Reporting from the nation’s top show
By Evan Lisull
Curtis James Jackson III seems prima facie to be a typical swing voter. He initially came out in favor of Hilary, citing his approval of her husband’s administration, but later switched over to Sen. Barack Obama. Except of course, that Mr. Jackson is more commonly known by his rap moniker “50 Cent”; and 50 is a convicted felon, and cannot vote.
I recount this Eight-Mile-infused election tidbit with my colleague, but his mind is elsewhere, a Cheshire cat grin breaking out across his face as his thought processes reached their apex. “Dude, let’s watch…the Dude!” I chuckle, and indeed, for it is an ideal hortatory for a haze-filled Tuesday night. The popcorn pops, and, for an all-too-brief moment, things are going well. Life might not be fucked, after all.

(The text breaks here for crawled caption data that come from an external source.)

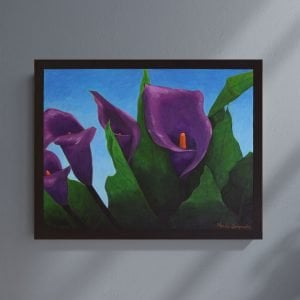 Acrylic painting of purple calla lilies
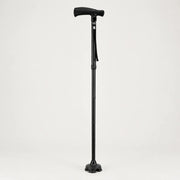 Sort sammenklappelig gangstok med ergonomisk T-håndtag og stabil 4-punkts fod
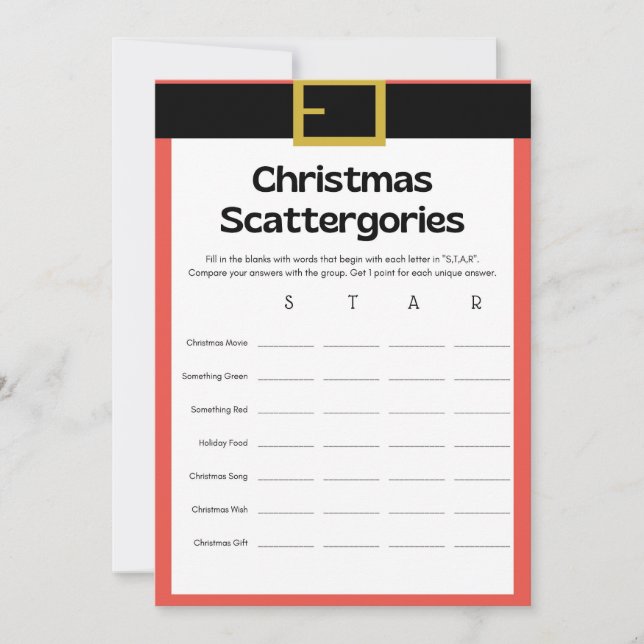 Fun Christmas Game - Not Editable -  Invitation (Front)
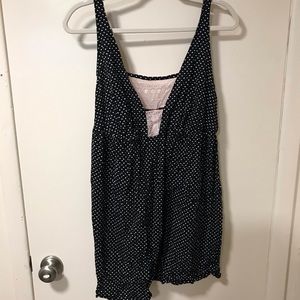 Cacique black dot nightie with pink lace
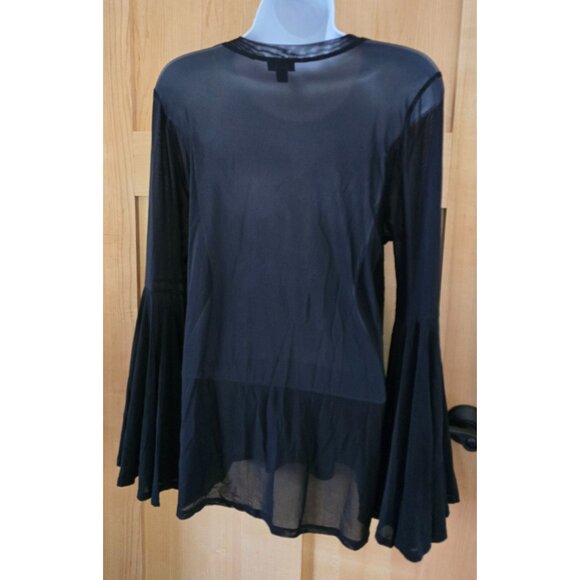 Sheer Black Torrid Bell Sleeve Top For Women goth whimsygoth y2k - Picture 6 of 8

Enter John Goodman, in all his corpulence, playing “Walter Sobchak”, Vietnam vet. Only it’s not Walter; it’s John McCain – “Are you sure this is the right movie?” – and as Sir Chipmunk Cheeks himself begins his soliloquy, the planet shifts just slightly, just enough for me to realize that everything has gone wrong. “No, John, you’re not wrong“– John?!?– “you’re just an asshole.” I calmly get up, smile blithely, walk to a stranger’s bathroom, and vomit profusely. I cannot believe this.
These candidates: I look around and everywhere I see them, ghosts haunting the corporeal machine, lighting cigarettes on the stairwell and advertising Coca Cola. Forget niche culture; we’ve got the Great Vortex. The boundaries have been shattered, politics becoming movies becoming advertisements becoming disposable ink pens.
Once again, politics have ruined my life.
Right now, it is dead season in the Long, Long March to Pennsylvania Ave. (known aptly on the Daily Show as the Clusterfuck to the White House), but news anchors and their caustic blogging cousins are still in high drive, and like PCP users after getting the hit of a lifetime, they are read to fuck anyone up. Thus, anything is and has been fair game, from the candidate’s sartorial choices to the length of their toenails to their daughters (“How much? How much for the little girls? How much for your women?”). One daughter, in particular, brings the boys to the yard, and she ain’t in the dairy industry. She’s Meghan McCain, and she makes the Bush Twins look so 2007. She blogs, she’s sassy, she’s sexy (this is politics, remember– anyone thirty or under is automatically “hot”), and her luggage is carried by a Chinaman named Mr. Lee. She establishes her credentials amongst the will o’ the wisp known as the “Youth Vote” by listing Vampire Weekend among her favorite artists, and The Big Lebowski among her favorite films.
This led Jonathan Chait of The New Republic
A main character in the film is Walter obchak, a gruff, lovable, hot-headed, moralistic foreign policy hawk who’s often confused about the facts and constantly invokes his experience in Vietnam. I wonder what she thinks when she watches it.
As if this weren’t enough, we also had to kill Rocky Balboa, the much-loved boxer who may or may not have had a speech impediment. “Let me tell you something, when it comes to finishing a fight, Rocky and I have a lot in common,” said Sen. Hillary Clinton at a Philadelphia rally in early April, “I never quit. I never give up. And neither do the American people. So when I see Rocky in his warmups, I can’t help but see a pantsuit…not really. But will I ever hear the lines, “I had no prime, I had nothin’!” and not consider the implications?
Of course, this is the same “Rocky” played by Sylvester Stallone, the HGH-pumping actor who endorsed Sen. John McCain for the presidency, a man who wants to ban the substance. McCain is also supported by Heidi Montag, who apparently is a “star” on the “hit show” The Hills, featured on MTV, the same network that hosted a debate with Mike Huckabee, who was supported by Chuck Norris, whose legends of powress have clogged the Internet tubes.
It’s like Six Degrees of Kevin Bacon on crack, only a lot less fun.
It would be one thing if this were a one-way, East-bound highway from LA to DC. But increasingly, politics is becoming pop. Already, Washington is known as “Hollywood for ugly people.” The chief executive spends three innings shooting the shit about baseball with Joe Morgan. Politicians (or their aides) have their own Facebook and MySpace pages.
This back-and-forth results a serious intellectual failure: for many, especially those among our generation, politics is merely a stem on the Great VH1-MTV-TMZ Tree of Pop. Political preferences are not based in philosophical consideration, experience, or empirical studies; they are based solely on personal preference. They are “supporters” of political parties and members in so far as we are “supporters” of Law and Order or the Dave Matthews Band.
Expect only drawn-out demise from such a state of affairs. A citizenry that cannot distinguish between entertainment and politics will soon learn that all roads lead to Rome, a Rome where intellectuals mock Emperor Claudius’ death on the crapper while the principles of the Republic are flushed away.